Traumatic fractures are secondary to excessive forces on normal bone, and
fatigue/stress fractures to excessive chronic repetitive forces on normal bone.
Pathologic fractures are secondary to normal forces on abnormal bone and can be seen
with osteoporosis, following radiation therapy or with neoplasm.
Fragility or insufficiency fractures (pathologic fractures secondary to osteoporosis) are
commonly seen with age-related, post-menopausal or senile osteoporosis, with chronic
steroid use, with malabsorption or following oophorectomy.
In the ICD-10 guidelines and in the medical literature, the phrase collapsed vertebra appears to
be synonymous with vertebral fracture. In ICD-10, anterior wedging of the vertebra is included
under collapse.
Many radiologists will refer to a vertebral deformity. Vertebral fractures commonly result in
deformities: compression fractures result in anterior wedge-shaped deformities or
compression deformities; and burst-type fractures result in burst type deformities or vertebra
plana. The term deformity is noncommittal with respect to the chronicity of the fracture,
however, many radiologists reserve the term for old fractures.
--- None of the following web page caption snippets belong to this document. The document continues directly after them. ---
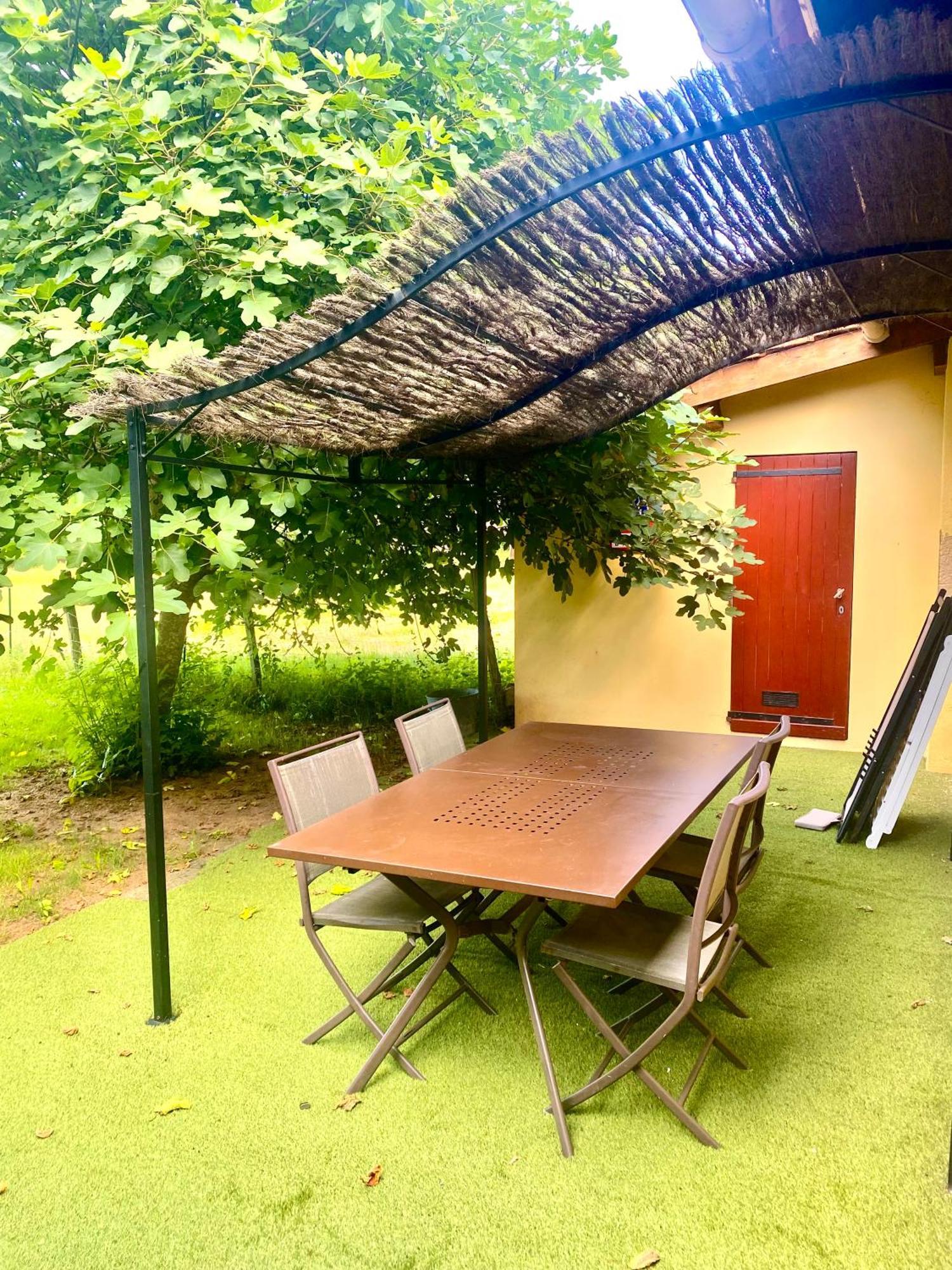 Camping La Ferme De Perdigat Limeuil Екстериор снимка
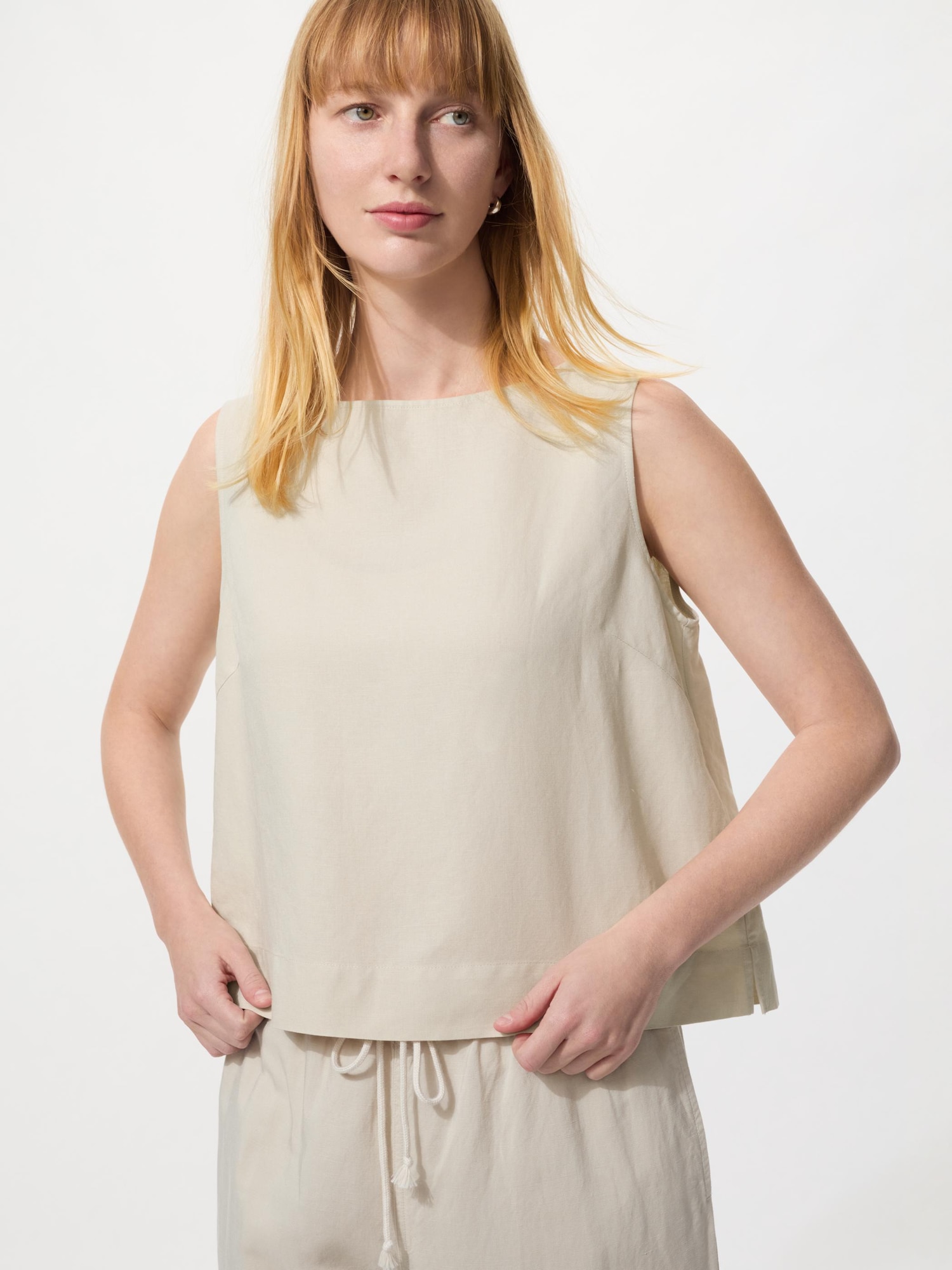 UNIQLO Women's Linen Blend Blouse Sleeveless, Natural
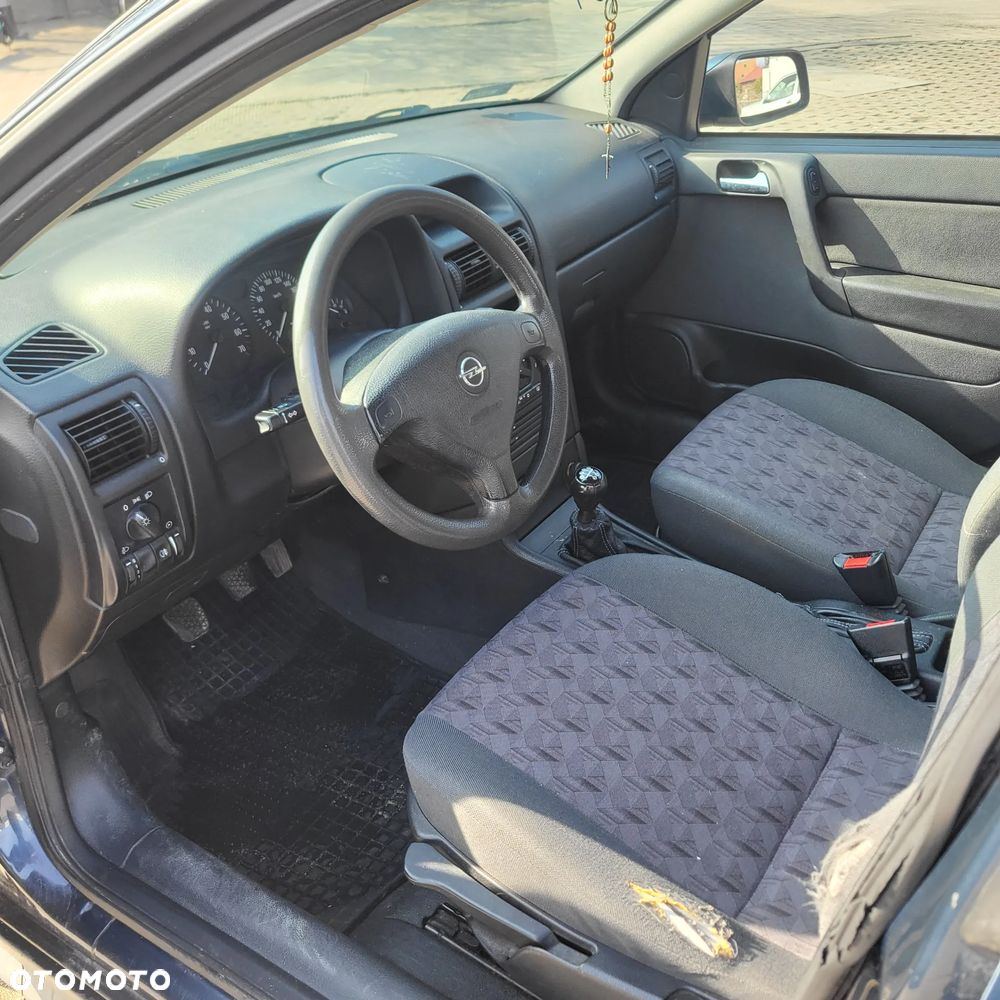 Opel Astra - 6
Acute and subacute fractures can be distinguished from old fractures on MRI by the presence of
adjacent marrow edema. Old fractures contain normal or fatty marrow on MRI. Pathologic
fractures secondary to neoplasm show replacement of fatty marrow throughout the vertebral
body often with involvement of the posterior elements of the vertebra, areas of osteolysis or
paraspinous masses. Pathologic fractures secondary to neoplasm are often associated with
metastatic lesions in other segments of the spine or pelvis.
Acute and subacute fractures can be distinguished from old fractures on CT by the presence of
acute fracture lines or cortical deformities. Fracture lines are typically not seen on CT unless
there is a nonunion, in which case the fracture line will be corticated. Pathologic fractures
typically show decreased bony density on CT with or without osteolysis, cortical destruction, or
extrasosseous soft tissue mass.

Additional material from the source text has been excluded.